The 1985 hostile takeover of TWA Airlines was the inflection point that made Icahn a household name. He overcame management resistance to seize control and profited through asset sales. The approach earned the label 'corporate raider,' becoming emblematic of 1980s Wall Street. Critics viewed Icahn as a predator dismantling companies for short-term gain; supporters hailed him as a market disciplinarian bringing accountability to complacent management.
The core of Icahn's investment philosophy is identifying the gap between a company's intrinsic value and its market price, then acting as the catalyst to close that gap. Where traditional value investors buy undervalued stocks and wait, Icahn buys undervalued stocks and then moves. He demands specific actions to unlock shareholder value: management changes, spin-offs, asset sales, share buybacks, or mergers. This active approach is what distinguishes him from conventional value investing.
From a risk-management perspective, Icahn favors concentration. He takes large positions in a small number of companies and manages risk by serving as the catalyst for change himself — a distinctive logic of risk control through the exercise of influence rather than through diversification. This strategy naturally entails failures: TWA ultimately went bankrupt, raising questions about his operational abilities. Not every campaign succeeds; his public feud with Bill Ackman over the Herbalife short made markets roar. These failures and controversies are integral to a multifaceted investing life.

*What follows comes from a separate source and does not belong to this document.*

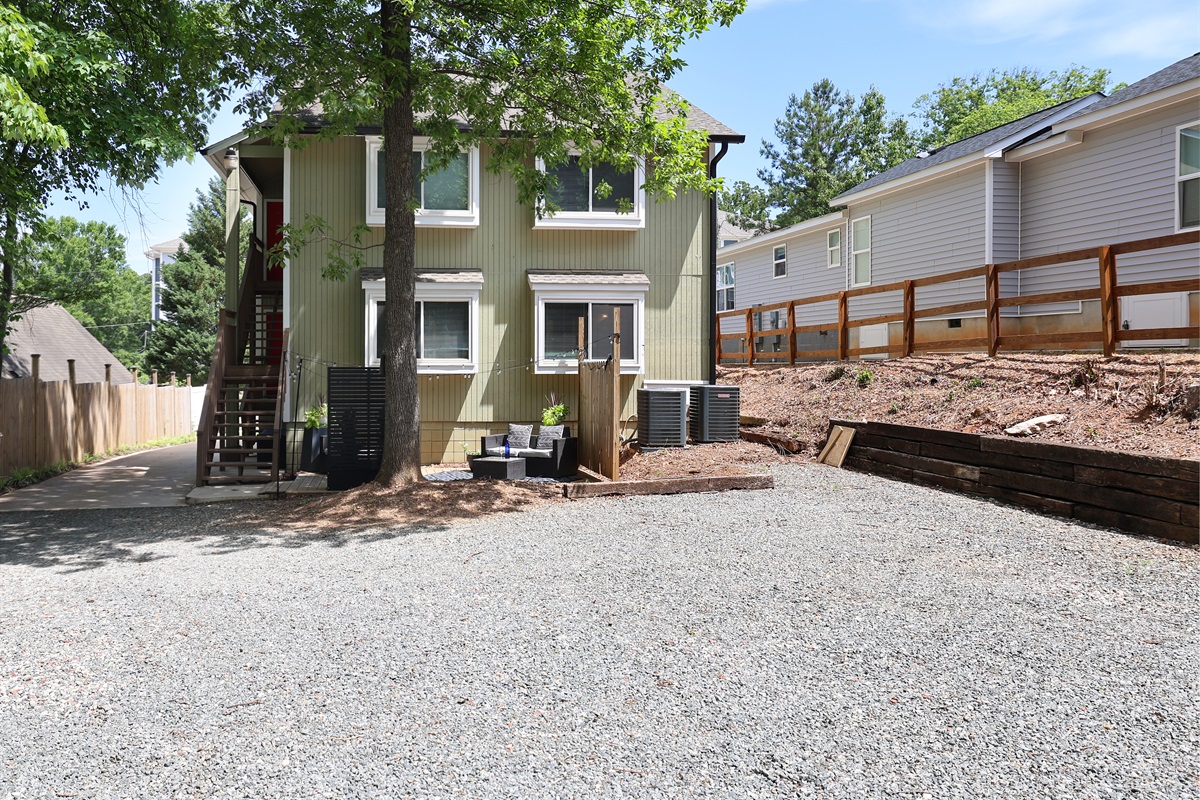 Rear of property with shared parking lot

Icahn remained active into the 2000s and beyond, launching activist campaigns at Yahoo, Dell, Herbalife, and Apple among others. His 2013 push for a massive share buyback at Apple is thought to have had a tangible effect. Since 2011 he has managed only his own capital, no longer accepting outside investors.
Icahn's presence has continually provoked debate about the balance between shareholder rights and managerial discretion in U.S. capital markets. As activist funds become more common in Japan as well, the question of how constructive tension between shareholders and managers can enhance corporate value grows ever more pressing. His legacy remains contested, but few dispute that he proved shareholders need not be mere bystanders.
Expert Perspective
In the investor landscape, Icahn occupies a unique position as the founder of the activist-investing archetype. Where Buffett and Graham buy stocks and passively wait for the market to recognize intrinsic value, Icahn serves as the catalyst that accelerates value realization. This 'active value investing' was later developed by Daniel Loeb and Bill Ackman. The blurring of the boundary between hostile takeovers and shareholder activism remains controversial, but Icahn's contribution to the evolution of corporate governance cannot be ignored.